The below code chunk helps us to create generalised models with Binomial option using ggwr.basic() function

gwlr.fixed <- ggwr.basic(status ~distance_to_tertiary_road+
               distance_to_city+
               distance_to_town+
               is_urban+
               usage_capacity+
               water_source_clean+
               water_point_population+
               local_population_1km,
               data = osun_wp_sp,
               bw=bw.fixed,
               family="binomial",
               kernel="gaussian",
               adaptive=FALSE,
               longlat = FALSE)

 Iteration    Log-Likelihood
=========================
       0        -1959 
       1        -1680 
       2        -1531 
       3        -1447 
       4        -1413 
       5        -1413

3.9 Converting SDF into sf data.frame

To assess the performance of the gwLR, first let us convert the sdf object in as data frame by using the code chunk below

gwr.fixed <- as.data.frame(gwlr.fixed$SDF)

Next, let us label yhat values greater than or equal to 0.5 into 1 and else 0. The result of the logic comparison operation will be saved into a field called most

gwr.fixed <- gwr.fixed %>%
  mutate(most = ifelse(gwr.fixed$yhat >=0.5,T,F))

gwr.fixed$y <- as.factor(gwr.fixed$y)
gwr.fixed$most <- as.factor(gwr.fixed$most)
CM <- confusionMatrix(data = gwr.fixed$most,
                      reference= gwr.fixed$y,
                      positive = "TRUE" )
CM

Confusion Matrix and Statistics

          Reference
Prediction FALSE TRUE
     FALSE  1833  268
     TRUE    281 2374
                                          
               Accuracy : 0.8846          
                 95% CI : (0.8751, 0.8935)
    No Information Rate : 0.5555          
    P-Value [Acc > NIR] : <2e-16          
                                          
                  Kappa : 0.7661          
                                          
 Mcnemar's Test P-Value : 0.6085          
                                          
            Sensitivity : 0.8986          
            Specificity : 0.8671          
         Pos Pred Value : 0.8942          
         Neg Pred Value : 0.8724          
             Prevalence : 0.5555          
         Detection Rate : 0.4992          
   Detection Prevalence : 0.5582          
      Balanced Accuracy : 0.8828          
                                          
       'Positive' Class : TRUE

Thus, for the comparision, we have used argument positive = “TRUE” and accuracy here is 88% and the sensitivity and specificity values are 89% and 86% respectively which means the model is able to identify 89% of right cases correctly and 86% percent of false cases correctly.

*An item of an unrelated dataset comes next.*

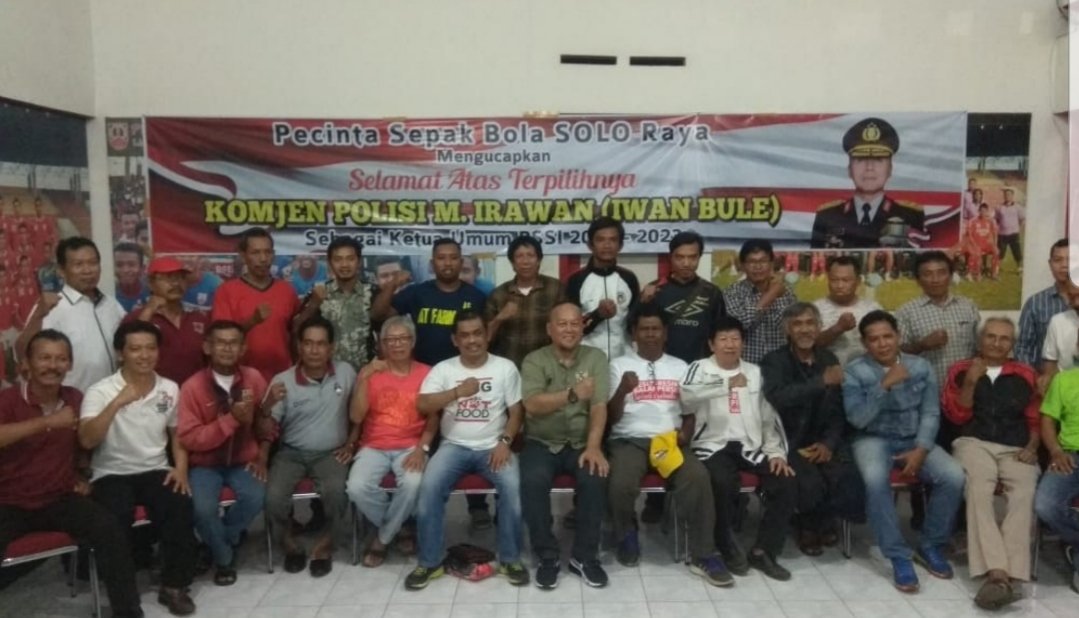 Koyone sih wis ora perlu berharap bergandengan tangan, duduk satu meja atau apalah
Wis wektune buang, singkirkan dan gantikan orang2 kolot sing meh ngisruh Persis Solo
Percayalah dibalik kalemnya wong solo akan ada jiwa perlawanan yang luar biasa
#solomelawan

osun_wp_sf_selected <- osun_wp_sf_clean %>%
  select(c(ADM2_EN, ADM2_PCODE,
           ADM1_EN, ADM1_PCODE,
           status))

Now let us append gwr.fixed matrix onto osun_wp_sf_selected to produce an output simple feature object called gwr_sf.fixed using cbind() function

gwr_sf.fixed <- cbind(osun_wp_sf_selected, gwr.fixed)

The estimated or predicted values in a regression or other predictive model are termed the y-hat values. “Y” because y is the outcome or dependent variable in the model equation, and a “hat” symbol (circumflex) placed over the variable name is the statistical designation of an estimated value.

Finally, let us view these yhat values geographically mapped onto Osun division. The lighter the colour lower the yhat value and the darker colour indicates high yhat values i.e predicted values.

tmap_mode("view")

tmap mode set to interactive viewing

prob_T <- tm_shape(osun)+
  tm_polygons(alpha=0.1)+
  tm_shape(gwr_sf.fixed)+
  tm_dots(col="yhat",
          border.col = "gray60",
          border.lwd = 1)+
  tm_view(set.zoom.limits = c(9,14))
prob_T

4. Conclusion

In this study, we have modeled the spatial variation of explanatory factors of waterpoint status using Geographically Weighted Logistic Regression in Osun state, Nigeria by executing various geographically weighted regression models. The confusion matrix and evaluation metrics helped us in undertanding the performance of the model better. Finally, we have mapped the fixed gwr sf values by varying the colours with respect to yhat values.